# DIY 29 Gallon Hood



## helgymatt

Here is how I build my hood for my 29 gallon aquarium.

Supplies:
1x6 and 1x8 pine boards. 
2 hinges (or a piano hinge)
Wood glue
Finishing nails ~2"
Nail filler
Sandpaper
Paint (or stain)

I started by cutting my boards to length. I would recommend getting your wood from an actual lumber yard rather than Lowe's or home depot. You will save yourself lots of time and headache trying to find nice straight boards. There are two variations of hoods I have built. I will describe one of them here first and the second later on.

There are total of 7 boards used...

Face board: 31 3/4" X 6"
Front top: 31 3/4" x 6"
Back top: 31 3/4" x 8"
Front side (2) ~4 5/8" by 6"
Back side (2) ~4 5/8" by 8"
Note: 6" boards are not really 6". They are something like 5 1/2"
The back is left open in my hoods. You could some sort of back board for extra support if you would like. I didn't see a need for it.

























As you can see the front half is attached by two hinges to the back half. One piano hinge could also be used.

After the boards were cut to length I began assembling the two halves. I used glue and a nail gun with 2" brads. Regular nails can be used. You may want to consider seating the nails below the surface and using nail filler to get a nice finish. I find that the nail gun makes things a lot easier and faster to assemble.

Note that in the picture the back half of my hood uses only a 1X6. This was a screw up on my part and I would recommend using a 1x8 so the hood covers the entire top of the aquarium.

Once the two halves were assembled, I filled the nail holes, sanded everything down good, and put on 2 or 3 coats of black paint. I then cut out notches (with a chisel) for the hinges and installed them.

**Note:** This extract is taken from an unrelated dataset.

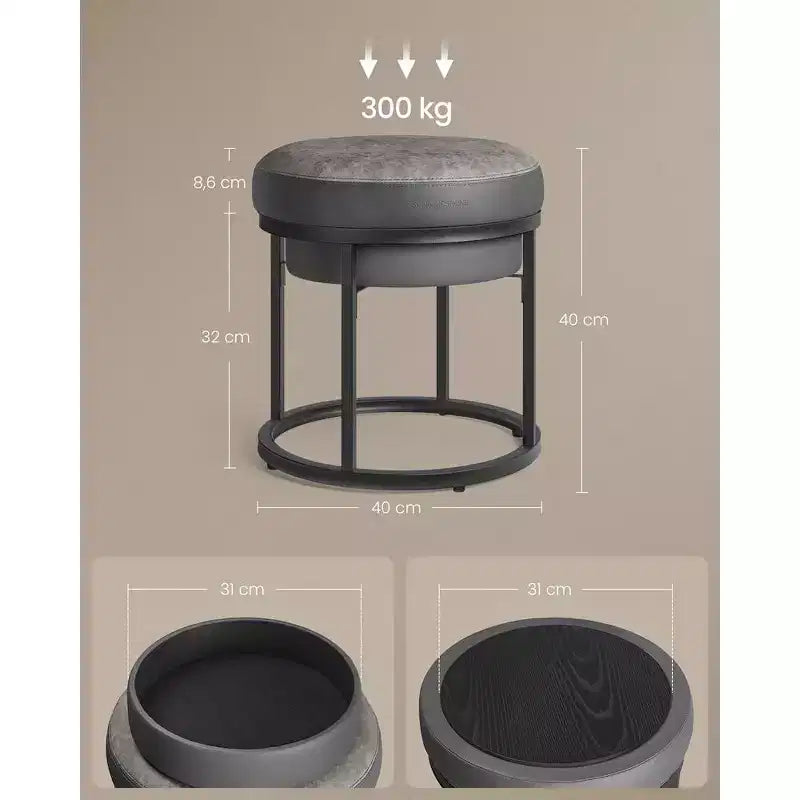 Poggiapiedi rotondo in stile ottomano con coperchio reversibile e vano contenitore, 40 cm (diametro) x 40 cm (altezza)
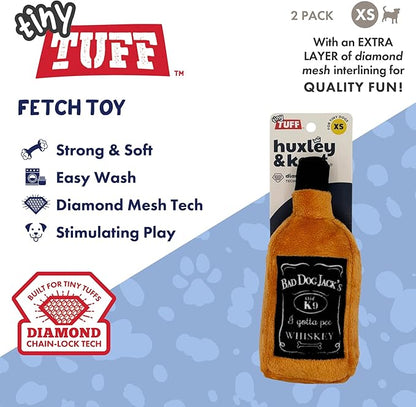 Huxley & Kent Funny Dog Toy w/Squeaker – Power Plush Squeaky Dog Toys for Small Dogs – Durable Small Stuffed Animal for Indoor Play & Fetch - Tiny Tuff Bad Dog Jack's Whiskey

I used small "L" brackets inside of the hood to keep it supported on top of the aquarium.


































You are now ready to install your lights!

Another variation of this hood, which I actually think is nicer and easier to built is this...It is one I build for my 55 gallon. 
















You can see the difference in the photo. This one is easier to get to sit on your tank right because the sides are just 1 piece rather than two. Everything just fits together much nicer. The problem I had is that the face board warped outward. The other style prevents this because the face board is attached to the front side board. I also used a piano hinge on this hood, which is another nice touch. The hood in also taller because it need to cover some HOB filters (i.e. the face board is a 1X8 rather than a 1x6).

All in all, this will take about a 1/2 to full day to build once you consider all the time to paint and dry. Total cost is probably less than $20. 
Good luck.


----------



## MacsRock

I built the same type of hood for my 40gal. Excellent design. It allows you access to the aquarium while leaving one of the lights on. One thing I noticed with mine is that heat is somewhat of a problem, even with vents. I am thinking of adding fans to mine.


----------



## Deni

I've been planning out one like the first one you have, except with a piano hinge. I have absolutely no carpentry skills, but I figure I'll give it a shot. This helps me a lot. Thank you.


----------



## Left C

What PC fixtures did you use on your 29g? Are they Current's Satellite fixtures? I like having the acrylic cover(s) to keep moisture off of the bulbs.


----------



## helgymatt

I cut a 48" Current fixture in half, extended the wires and put on bulb on one side of the hood and one the other. Pretty ghetto I know. The only reason I did this was because I had the extra fixture. If I was to do it from scratch I would get the diy lights from AHSupply.com


----------



## greenisgood

Very nice. I made a similar one for a 20 gal using the flip top style, but in my case the entire front half flips up, taking the front fixture with it, when you flip it. Gives me better access to the small tank.


----------



## helgymatt

Has anyone followed these plans yet? I would like to know if they make sense, what successes you all have had, or what alterations there are to make this better.


----------



## Snydaleid

helgymatt said:


> Has anyone followed these plans yet? I would like to know if they make sense, what successes you all have had, or what alterations there are to make this better.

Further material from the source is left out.